Erbauliche Attraktionen gesucht

Wer im thailändischen Khao Lak Urlaub machen will, sollte gute Gründe für seine Reise haben: Zu den neuen Sehenswürdigkeiten gehören bedrückend menschenleere Strände, Trümmerwüsten und ein aufs Land gespültes Polizeiboot

VON VOLKER KLINKMÜLLER

Bis vor kurzem hat Anukul Charoenkul noch ganz gute Geschäfte gemacht. Zwar hatte er sein Restaurant mit einer gehobenen Speisekarte für fangfrische Meeresfrüchte erst im November eröffnet und seit dem Tsunami die zahlungskräftigen Ausländer als Gäste gleich wieder verloren. Doch schnappte er sich am Morgen des 26. Dezember geistesgegenwärtig seine Videokamera, als sich das Wasser so komisch zurückzog, und filmte die Apokalypse Khao Laks aus sicherer Hügelhöhe von Anfang an – auch als dort unten immer mehr Leichen angespült wurden. Mit dem emsigen Verkauf des privaten Katastrophenfilms zum Stückpreis von rund sechs Euro konnte sich der 30-Jährige zwar ein ganzes Weilchen über Wasser halten, doch dann beutelten ihn die landestypischen Raubkopierer, die den Markt mit Billigkopien seines Werks überschwemmten. Deshalb hat er sich nun darauf verlegt, Landsleute mit Billiggerichten abzufüttern – wenn sie voll Schaulust in großen Bussen durch das Katastrophengebiet rollen. Wer hier die Naturkatastrophe überlebt hat, darf, was die Mittel der weiteren Existenzsicherung angeht, nicht besonders wählerisch sein.

Nach offizieller Einschätzung wird eine relative Normalisierung des Tourismus in dieser Region frühestens für die übernächste Hochsaison im November 2006 erwartet. Denn in den unendlichen, dünn besiedelten Weiten der Strandlandschaften von Khao Lak, die sich über rund 40 Kilometer die Festlandküste nördlich von Phuket hinaufziehen und erst vor wenigen Jahren als Urlaubsziel entdeckt wurden, haben die Naturgewalten mit ihrer ganzen Wucht zugeschlagen. Über 4.200 offiziell registrierte Todesopfer – davon mehr als die Hälfte Ausländer – hatte es gegeben, während 90 Prozent der Hotels und ganze Dörfer nur noch als Ruinen oder in Form von Fundamenten zurückgeblieben sind.

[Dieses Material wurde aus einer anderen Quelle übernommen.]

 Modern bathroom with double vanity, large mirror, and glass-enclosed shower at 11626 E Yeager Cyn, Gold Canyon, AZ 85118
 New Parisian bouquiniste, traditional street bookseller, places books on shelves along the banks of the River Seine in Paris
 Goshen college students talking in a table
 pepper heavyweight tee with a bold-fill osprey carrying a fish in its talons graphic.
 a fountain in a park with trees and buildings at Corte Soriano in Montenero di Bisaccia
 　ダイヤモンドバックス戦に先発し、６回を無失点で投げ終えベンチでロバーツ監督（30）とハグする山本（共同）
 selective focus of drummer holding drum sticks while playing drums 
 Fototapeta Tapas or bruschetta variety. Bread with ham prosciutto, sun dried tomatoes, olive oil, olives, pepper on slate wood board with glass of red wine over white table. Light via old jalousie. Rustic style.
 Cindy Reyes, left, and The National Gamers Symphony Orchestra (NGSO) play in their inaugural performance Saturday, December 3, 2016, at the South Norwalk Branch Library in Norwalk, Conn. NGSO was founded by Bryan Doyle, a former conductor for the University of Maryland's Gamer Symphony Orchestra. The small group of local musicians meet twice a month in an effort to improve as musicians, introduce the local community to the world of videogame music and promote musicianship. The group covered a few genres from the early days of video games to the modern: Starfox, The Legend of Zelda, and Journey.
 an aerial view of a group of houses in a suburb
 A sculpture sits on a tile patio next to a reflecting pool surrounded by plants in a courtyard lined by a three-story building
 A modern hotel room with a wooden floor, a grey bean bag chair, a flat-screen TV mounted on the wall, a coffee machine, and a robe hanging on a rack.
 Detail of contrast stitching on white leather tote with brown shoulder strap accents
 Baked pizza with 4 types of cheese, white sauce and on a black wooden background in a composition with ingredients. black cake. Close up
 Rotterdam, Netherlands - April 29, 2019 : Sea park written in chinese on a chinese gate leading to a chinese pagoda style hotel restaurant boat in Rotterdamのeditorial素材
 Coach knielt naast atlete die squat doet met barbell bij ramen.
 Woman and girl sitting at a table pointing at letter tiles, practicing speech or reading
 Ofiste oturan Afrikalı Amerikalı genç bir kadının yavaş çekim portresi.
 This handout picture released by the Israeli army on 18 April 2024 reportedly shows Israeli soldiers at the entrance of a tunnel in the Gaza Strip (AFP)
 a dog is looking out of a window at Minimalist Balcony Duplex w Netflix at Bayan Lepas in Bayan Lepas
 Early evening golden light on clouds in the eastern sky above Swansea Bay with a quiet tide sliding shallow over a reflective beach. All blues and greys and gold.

Viele Einheimische sind traumatisiert und scheuen bis heute die Begegnung mit dem Meer und versuchen mit buddhistischer Meditation, das Trauma loszuwerden.

Nach wie vor kommen auch einige Ausländer. Darunter rund 150 freiwillige Helfer aus 28 verschiedenen Ländern, die sich schon vor dem Gefängnis fürchten mussten, weil die Regierung unter ihnen verkappte Langzeittouristen vermutete und den Nachweis von Arbeitsgenehmigungen verlangen wollte. Sie wohnen im „Khao Lak Nature Resort“, das sich ins „Tsunami Volunteer Centre“ (TVC) verwandelt hat. Die übrigen Ausländer indes verteilen sich auf rund zwei Dutzend Hotels, die mit immerhin insgesamt rund tausend unversehrten Zimmern aufwarten können. Dabei soll es langfristig natürlich nicht bleiben: Am 19. Februar hatte Premierminister Thaksin Shinawatra bei seinem Besuch vor Ort höchstpersönlich den Baustopp aufgehoben, sodass einige namhafte Resorts bereits wieder bis November eröffnen wollen. Sogar das in aller Welt als Symbol für hohe Opferzahlen bekannt gewordene „Sofitel Magic Lagoon“, das sich einst mit dem größten Schwimmbad der Welt rühmte, will um die Jahreswende wieder mitmischen.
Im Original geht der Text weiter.